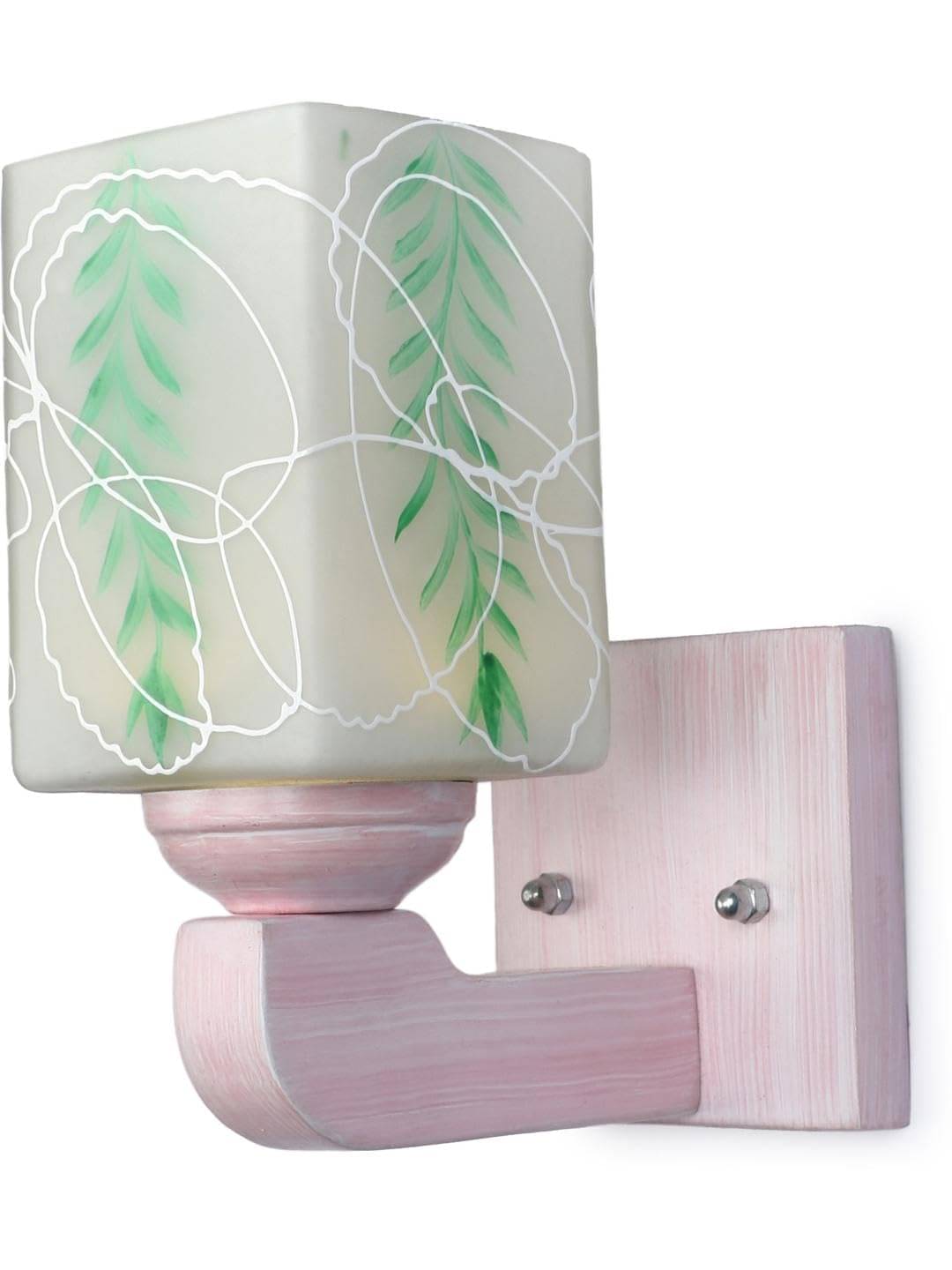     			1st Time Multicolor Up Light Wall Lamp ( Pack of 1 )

----

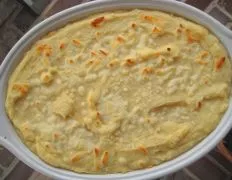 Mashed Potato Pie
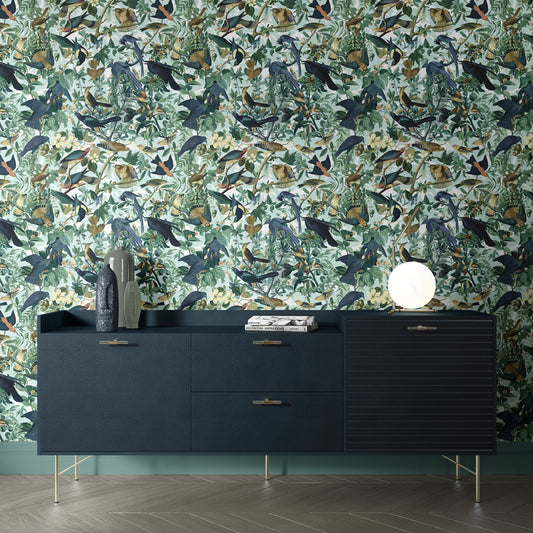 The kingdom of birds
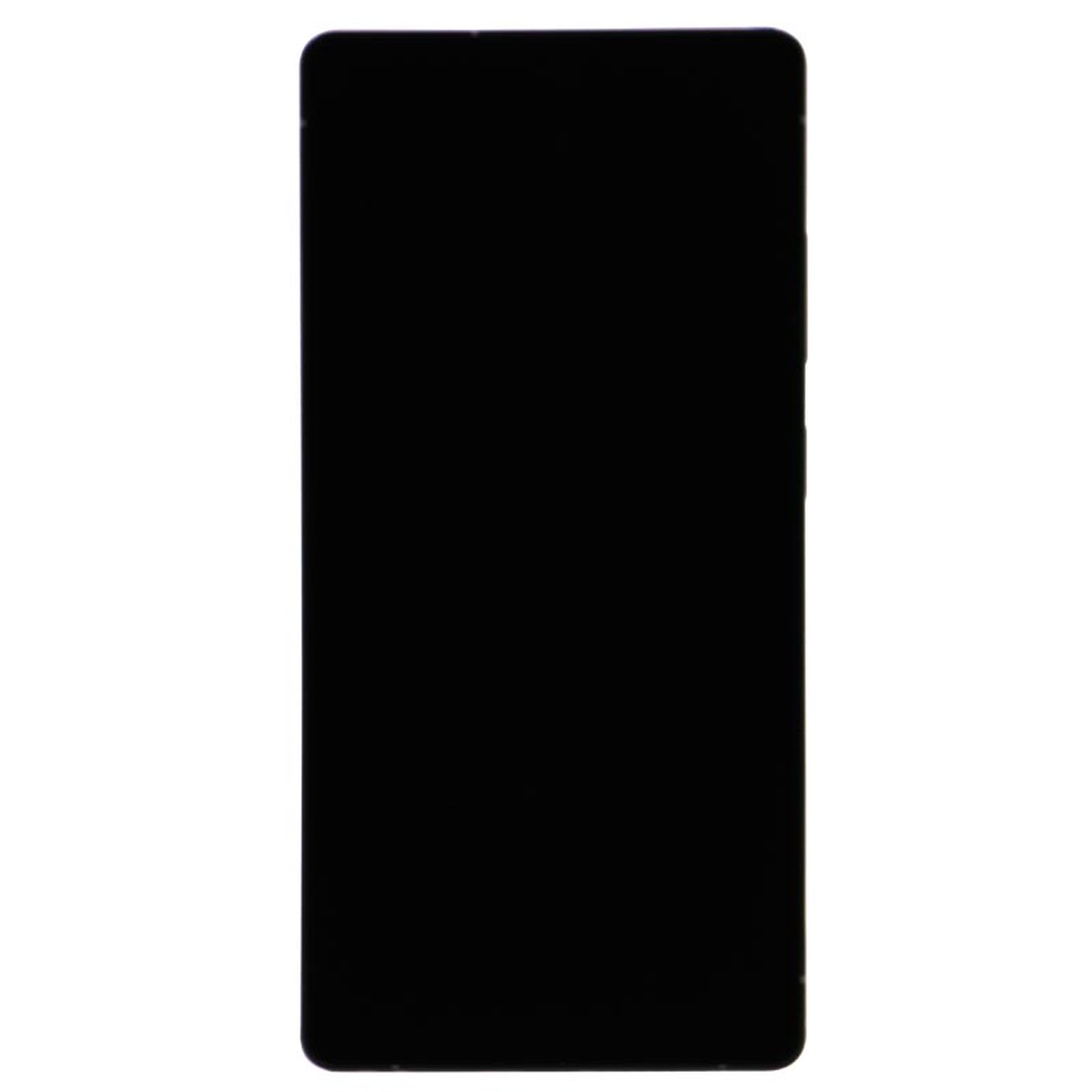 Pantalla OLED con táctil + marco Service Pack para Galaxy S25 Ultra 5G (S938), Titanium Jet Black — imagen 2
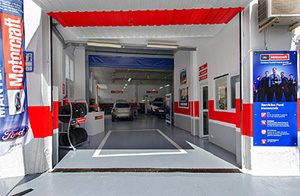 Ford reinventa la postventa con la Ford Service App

----

**Task directions**
Using the entries above, repeat exactly the lines from the one with "Pantalla OLED con" to the one with "Ford reinventa la", both included, and leave the pictures behind.

**Reply**
 Pantalla OLED con táctil + marco Service Pack para Galaxy S25 Ultra 5G (S938), Titanium Jet Black — imagen 2
 Ford reinventa la postventa con la Ford Service App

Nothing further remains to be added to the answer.